This remarkable project was, at the time, the longest water pipeline ever constructed in the world.

Inspired by C Y O’Connor, the Chief Engineer for the Public Works Department, supported by J. Forrest, the Premier and costing an eye-watering 2.5 million pounds of borrowed money, the work was completed in early 1903 when the first pump was turned on. Water arrived in Kalgoorlie two days later. Unfortunately C Y O’Connor did not share in this success, as he had committed suicide at South Beach about nine months earlier, hounded by Politicians and the Press.

The project consisted of a dam (Mundaring Weir) to trap stream-flow from the Helena, Darkin, little Darkin, Pickering and Beraking brooks, a 566 kilometre pipeline, eight stream-driven pumping stations fuelled by timber and several storage reservoirs.  Fifty years later electricity replaced fuel-wood and steam as the power source.

Mundaring Weir
Mundaring Weir overflowing in 1996.
Photo: Batty Library of WA.

The initial capacity of Mundaring Weir was 19590 million litres, roughly two years supply. To cater for increasing demand from the Goldfields and the agricultural areas, the dam wall was raised in 1951 by nearly ten metres, to 63600 million litres and again in 1959, to 72290 million litres. Despite an increase in storage capacity of 370 percent, the Weir periodically overflowed between the 1940’s and 1960’s and my family were among the many visitors. In 1971 a pipe-head dam was constructed on the lower Helena river and a pump-back scheme installed.
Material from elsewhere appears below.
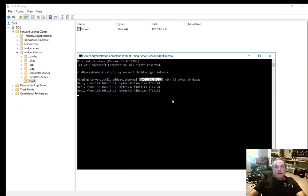So if you ever need to create another domain inside Active Directory DNS, you can do so simply by right-clicking inside the DNS zone of your choice and adding in that additional domain.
There were concerns that the storage was filling too slowly and about 5000 hectares of forest adjacent to the dam were ring-barked between 1905 and 1908 to reduce transpiration and increase flow. These forests regenerated vigorously from lignotubers and coppice. Concurrently, a number of small farm holdings were resumed to improve water quality and most were then planted to pine. During summer 1958/59, prior to entering University, I worked for the Forests Department in these plantations, felling pine.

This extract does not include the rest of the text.